This is a very fundamental and silly doubt. I have read that in order to prevent large relevance assessments in TREC competitions (reference), the top-ranked documents returned by participating systems are pooled to create the set of documents for relevance assessment. However, my doubt is this:
If majority of the systems use a common model or a similar model with somewhat same parameters. For example if several systems use LSA with rank reduced to 100,120,150,105, etc. Then there are two problems. One, merging such results might not really give the documents relevant to each query as the documents returned might severely overlap. Two, the documents which are to be assessed are actually biased as per the models used by the participating systems. So the relevance judgements will not really be method agnostic.
I know I am missing something here and if anyone could guide me in finding the missing link it would be really helpful!
You are correct. Pooling has got its own problems and we have to live with it.
There're, however, ways of making the pooling process less biased towards a set of specific retrieval models.
Using a set of diverse retrieval models and different retrieval settings (e.g. using the title or the title and description as queries) often helps in reducing the overlap in the retrieved set of documents.

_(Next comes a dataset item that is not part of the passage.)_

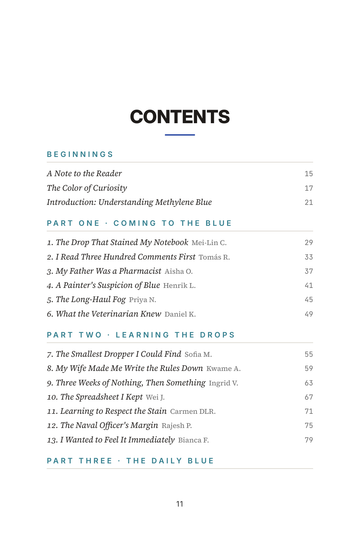 Sample page 1 from True Blue: Methylene Blue Experience Stories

The overlap isn't always a bad thing either because ending up retrieving a document in multiple lists (corresponding to different settings or retrieval models) may actually reinforce the belief of including this document in the pool.
Another approach that was followed in TREC was to encourage participating systems to include manually post-processed runs, in order to ensure that the documents being shown to the assessors involve some kind of a manual filtering instead of them being outputs of purely automated algorithms.

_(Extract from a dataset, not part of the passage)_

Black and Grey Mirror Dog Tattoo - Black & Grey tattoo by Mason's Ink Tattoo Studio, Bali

While it is true that the top-retrieved set is a function of a specific retrieval model, the idea that pooling uses is that with sufficient depth (say depth-100), it is highly unlikely that a document that's truly relevant would not be retrieved within the top-100 of any retrieval model. So, the higher number of settings (models and query formulation strategies) one uses and the higher the depth is, the lower becomes this probability of missing a truly relevant document.
However, it's certainly possible to extend the assessment pool for a retrieval model with characteristics completely different from the existing ones using which the initial pool was constructed.